Hasta las instituciones quisieron rendir su propio homenaje a esa mediterraneidad levantando su particular cubo blanco junto al mar. En esa Villa Mediterranée que parece un moderno laboratorio de pruebas ha encontrado su sitio el prestigioso Festival Internacional de Cine de Marsella (FID), un encuentro anual que se ha ganado un nombre en el panorama cinéfilo por su arriesgada programación y su insobornable compromiso político. Hace ya varias ediciones dejó atrás la palabra documental en su enunciado, lo que le permitió abrirse a nuevos lenguajes y enriquecer aún más su propuesta. Esta apertura ha permitido, por ejemplo, que en los últimos años se haya podido ver allí ciclos de Hong Sang-Soo o de Roger Corman, el homenajeado este año.
Tres días pude estar este año en Marsella. Tres días calurosos, intensos, alguno azotado por el inclemente viento Mistral, lo que condicionaba la ubicación del bar del festival (una carpa junto al puerto), pero te obligaba a estar más tiempo en las salas de cine.
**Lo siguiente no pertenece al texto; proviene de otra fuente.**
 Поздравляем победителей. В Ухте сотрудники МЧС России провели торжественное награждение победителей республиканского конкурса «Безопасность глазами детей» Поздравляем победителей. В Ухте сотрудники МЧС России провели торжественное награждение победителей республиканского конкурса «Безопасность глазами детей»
Casi un mes después, ya en Barcelona, pretendo hilar las películas que vi en Marsella, y mientras retomo mis notas me percato de la enorme y variopinta diversidad que traje conmigo: paisajes en Siberia, países remotos como Afganistán, campos de refugiados en Calais, favelas brasileñas… El FID este año ha vuelto a viajar por terrenos desconocidos, por territorios que quedan fuera de los mapas. Las temáticas narrativas comprometidas encuentran aquí también un compromiso con el cine: no importa solo qué vamos a contar, sino cómo lo haremos. Me viene a la mente una idea que siempre relaciono con el cine de Jean Rouch: intentar desterrar los defectos de la antropología tradicional, basada en esa exploración clásica de tintes coloniales, y buscar vías hacía una antropología compartida, en la que exista un proceso de intercambio entre el que llega y el que habita.
En estos parámetros se mueve 7 veils (2017), la película de la iraní Sepideh Farsi. La directora viaja a Afganistán con su cámara, y su relato deslavazado y espontáneo nos permite vislumbrar apuntes de ese país del que solo tenemos clichés. Los siete velos del título son los que, según la leyenda, recubren el país, los que lo hacen opaco y misterioso. Con fina ironía, a modo de diario y entre lo personal y lo público, la cineasta pasea y dialoga con todo aquel que se encuentra, intentando evitar en todo momento juicios de valor y ofreciendo un mosaico variado y subjetivo de la realidad del país afgano.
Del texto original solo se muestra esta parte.